[[ Record set, beginning ]]

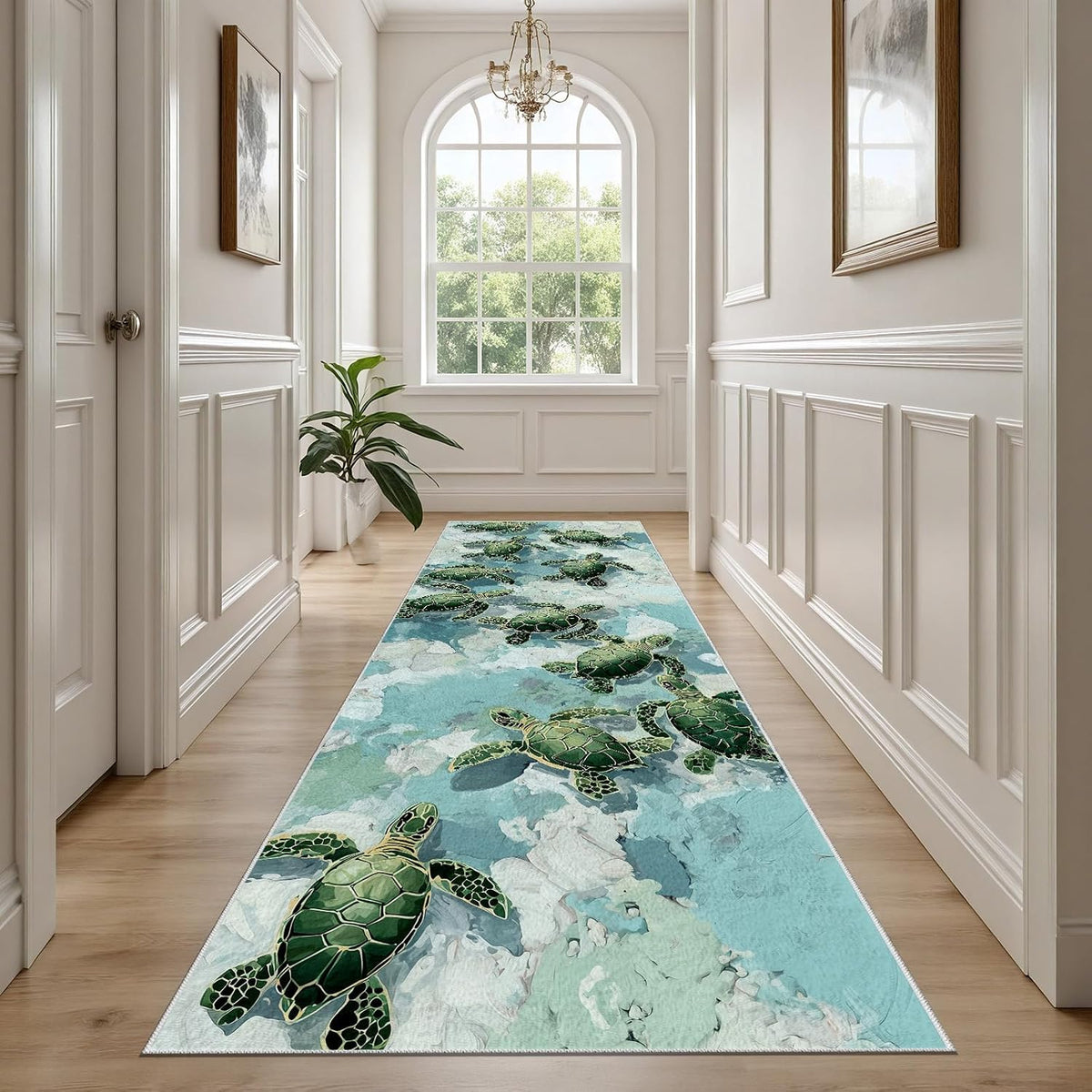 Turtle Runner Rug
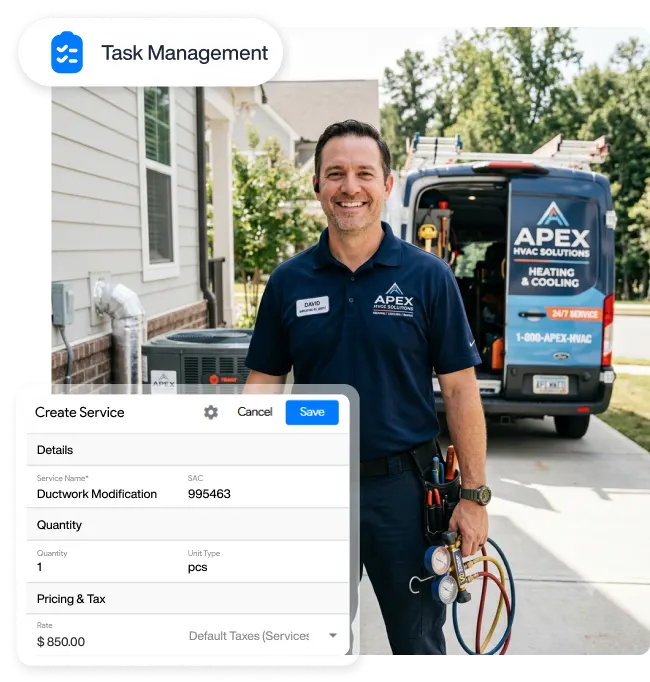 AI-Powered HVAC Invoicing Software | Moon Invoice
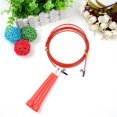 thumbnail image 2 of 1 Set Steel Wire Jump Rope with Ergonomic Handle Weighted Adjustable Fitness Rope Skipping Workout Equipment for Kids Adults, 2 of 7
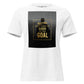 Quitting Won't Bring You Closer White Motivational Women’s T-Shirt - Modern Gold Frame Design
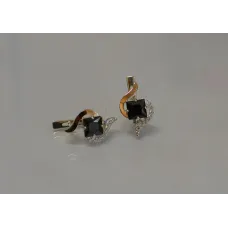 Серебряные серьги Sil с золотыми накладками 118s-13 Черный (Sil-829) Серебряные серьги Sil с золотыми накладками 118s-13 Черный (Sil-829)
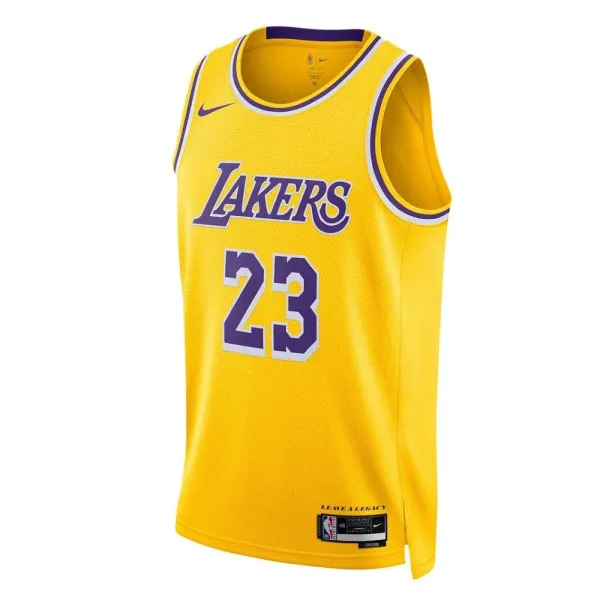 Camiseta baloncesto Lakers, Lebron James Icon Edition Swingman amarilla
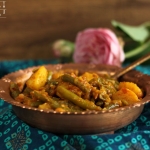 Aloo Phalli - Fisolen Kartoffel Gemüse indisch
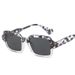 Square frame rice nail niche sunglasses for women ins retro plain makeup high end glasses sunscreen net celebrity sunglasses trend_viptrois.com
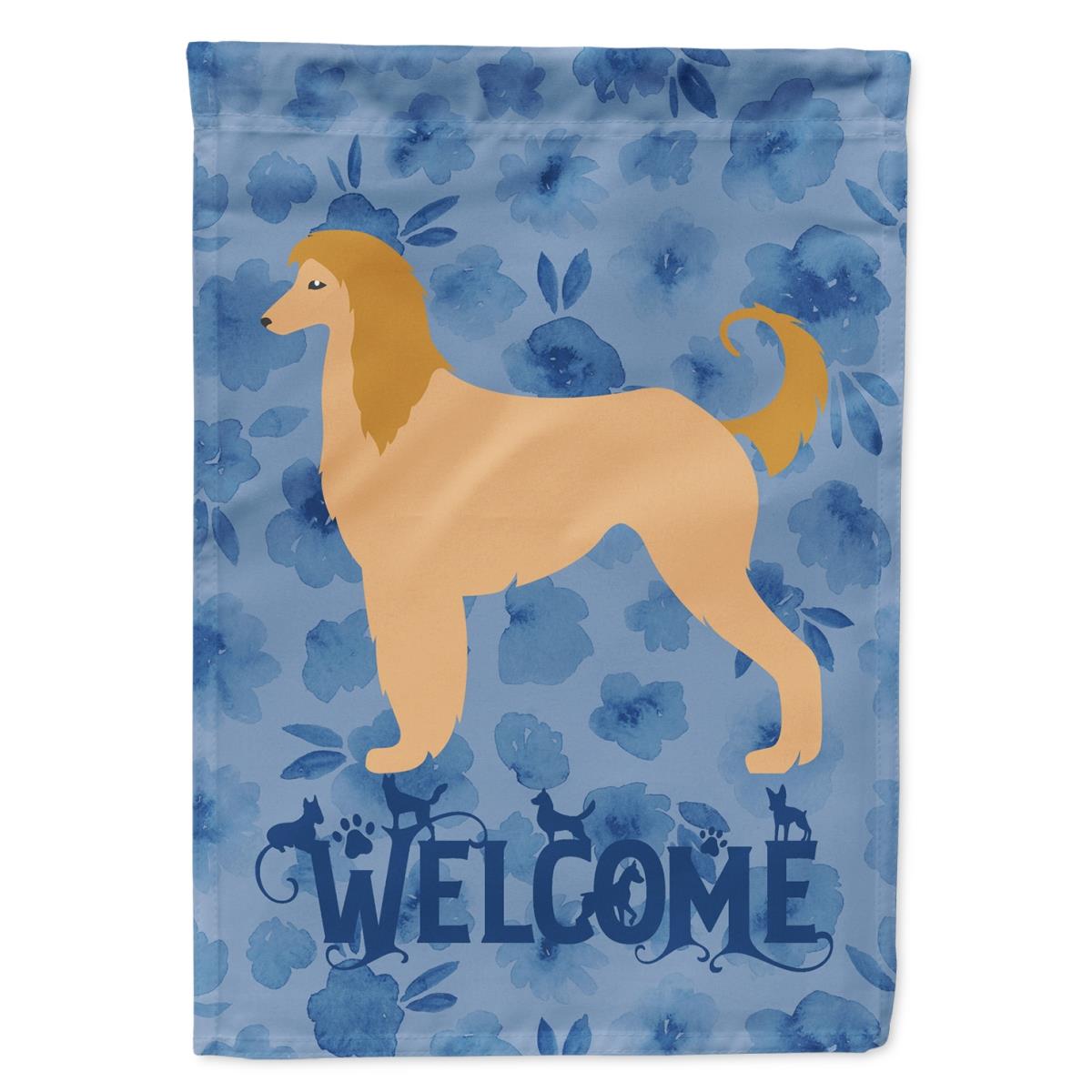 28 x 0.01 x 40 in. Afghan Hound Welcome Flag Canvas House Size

[[ Record set, end ]]
[[ Record set, beginning ]]

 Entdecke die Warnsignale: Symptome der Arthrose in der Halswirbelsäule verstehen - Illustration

[[ Record set, end ]]
[[ Record set, beginning ]]

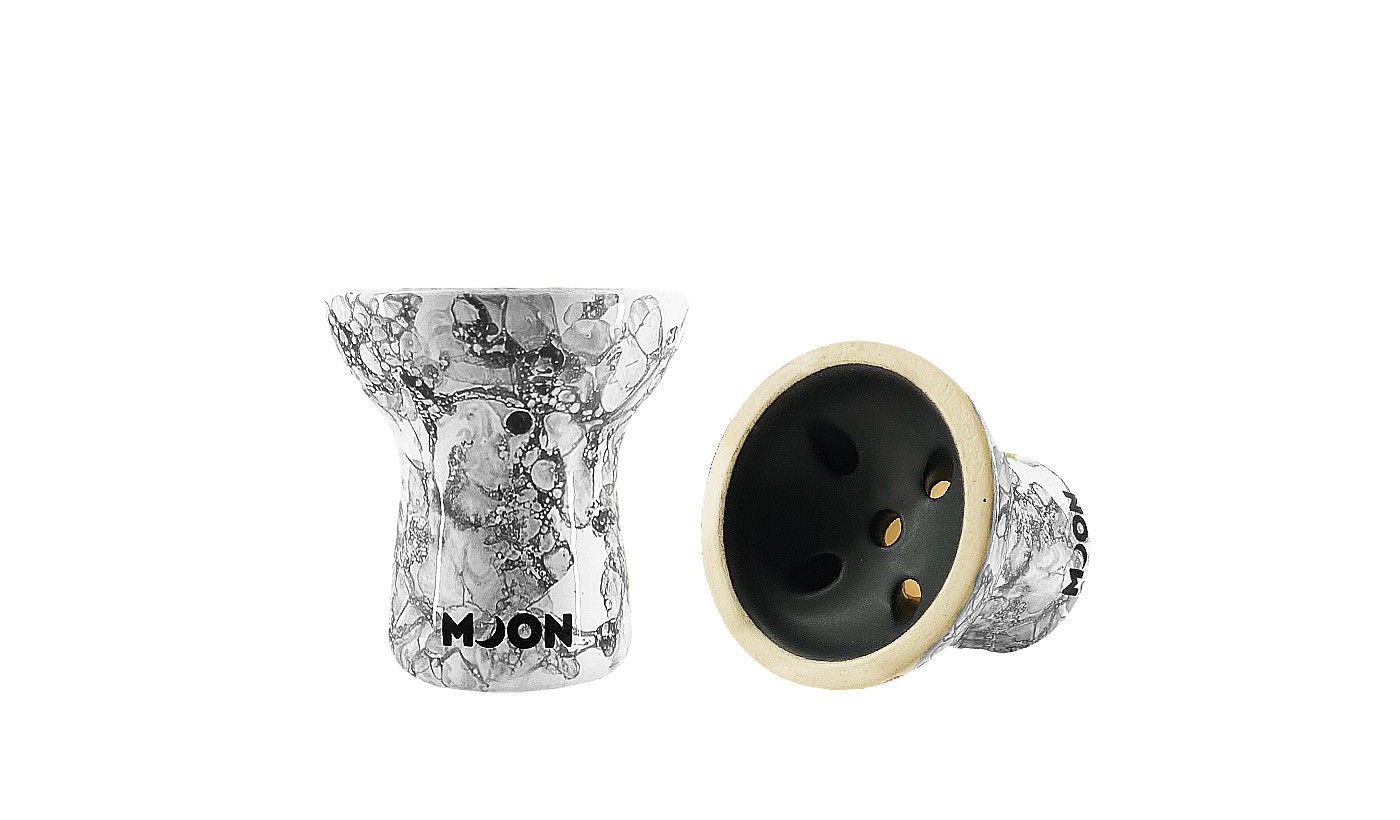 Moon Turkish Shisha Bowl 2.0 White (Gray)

[[ Record set, end ]]

(Aim of the exercise): When copying from the data above, print only the lines from the line containing "thumbnail image 2" to the line containing "28 x 0.01 x", exactly, and leave the pictures out.

(Task solution):
 thumbnail image 2 of 1 Set Steel Wire Jump Rope with Ergonomic Handle Weighted Adjustable Fitness Rope Skipping Workout Equipment for Kids Adults, 2 of 7
 Quitting Won't Bring You Closer White Motivational Women’s T-Shirt - Modern Gold Frame Design
 Серебряные серьги Sil с золотыми накладками 118s-13 Черный (Sil-829) Серебряные серьги Sil с золотыми накладками 118s-13 Черный (Sil-829)
 Camiseta baloncesto Lakers, Lebron James Icon Edition Swingman amarilla
 Aloo Phalli - Fisolen Kartoffel Gemüse indisch
 Square frame rice nail niche sunglasses for women ins retro plain makeup high end glasses sunscreen net celebrity sunglasses trend_viptrois.com
 28 x 0.01 x 40 in. Afghan Hound Welcome Flag Canvas House Size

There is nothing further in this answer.